Ted wrote everything down. “Got it.”
Pete asked, “What about the three college students? We need backgrounds on them.”
She’d asked Duke to run the background checks, as well as an FBI staff analyst. “Already being done,” she said. She wondered where Duke was. When they’d parted this morning, he’d said he would meet her here. It was already after ten.
As if on cue, the door opened and Dean Hooper walked in, Duke right behind him. Duke winked at her, just out of Hooper’s line of vision. Nora glanced at her squad. Had Pete and the others seen that? She tried to control the blush rising up her neck to her cheeks. She glanced down at the table and shuffled her papers.
“Thanks, guys,” she said, dismissing the team. “Let me know if you’re having any problems.”

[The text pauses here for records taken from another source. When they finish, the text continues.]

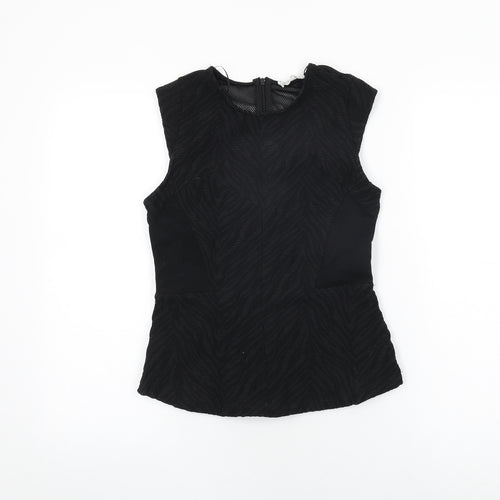 Zara Womens Black Geometric Polyester Basic T-Shirt Size M Round Neck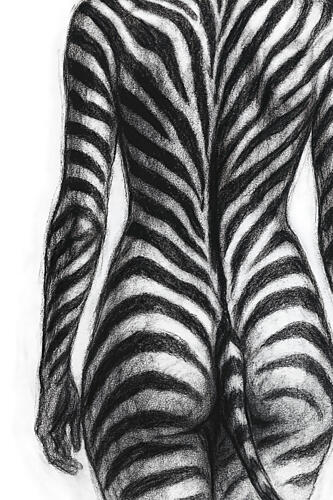 Zebra Striped Form Art Print by Natalie Bruns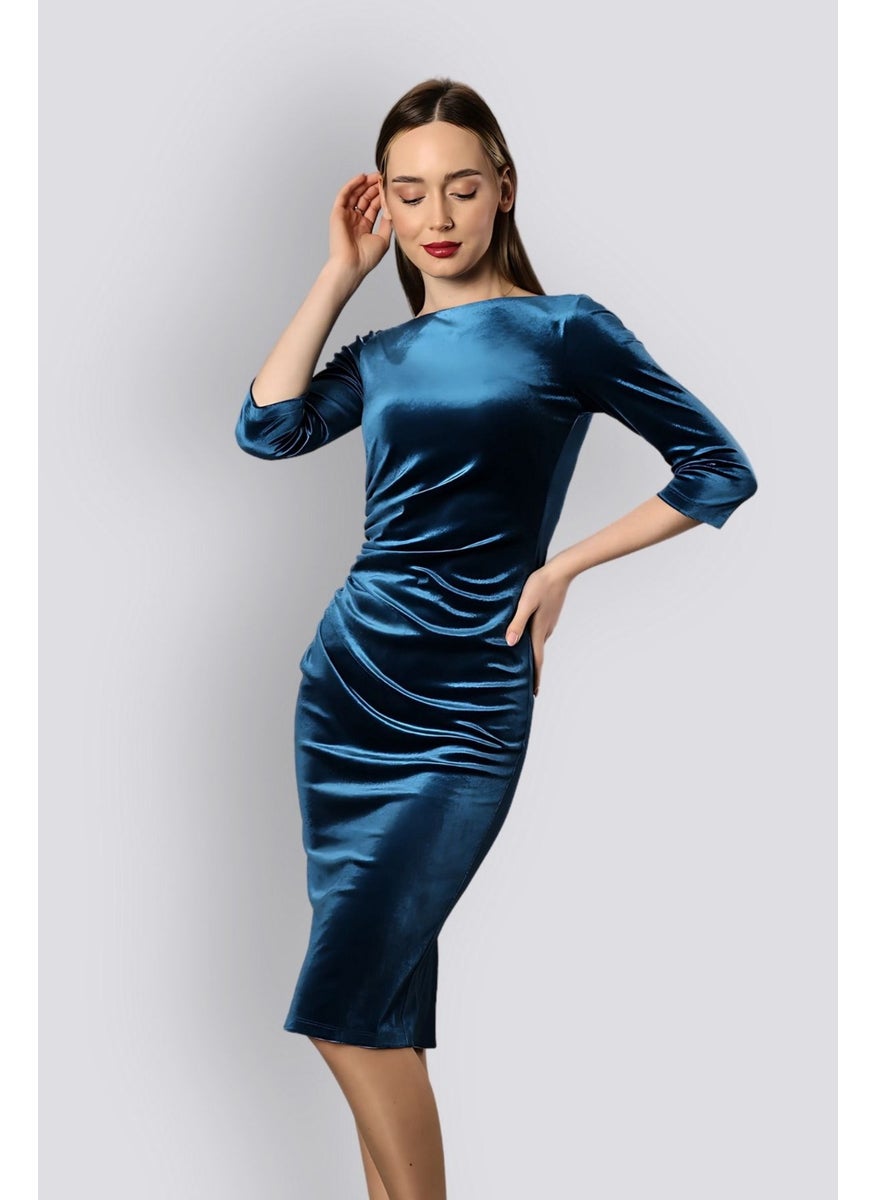 HOX'S Monroe | Velvet Midi Pencil Dress Boat Neck Draped Waist - Petrol Blue  - Image 1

Hooper said a few words to each agent as they left, and when it was just him, Duke, and Nora, he said, “I just got off the phone with Dr. Vigo. He reviewed a sample of Anya’s journals and concluded that she wrote the first three BLF letters, but definitely not the last one. Style, word choices, tone-everything was different.” That confirmed their assessment from yesterday regarding the fourth letter, but also gave them more physical evidence tying the dead students to the fires.
“I need a sample of Maggie O’Dell’s writing,” Nora said. “Maybe she has an article published in the newspaper or we can talk to her professors and get an essay she wrote. Rachel is on her way to the college now, I’ll-”
Hooper interrupted, “We already have it. It was in the evidence Steve sent yesterday.”
“He didn’t tell me-”
“He didn’t know. It was a handwritten letter folded into Ms. Ballard’s journal that began ‘Dear Anya’ and signed ‘M.’ Whoever wrote that letter, Dr. Vigo says wrote the fourth BLF letter. And moreover, whoever wrote that letter also wrote the suicide note. And it definitely wasn’t Anya Ballard.”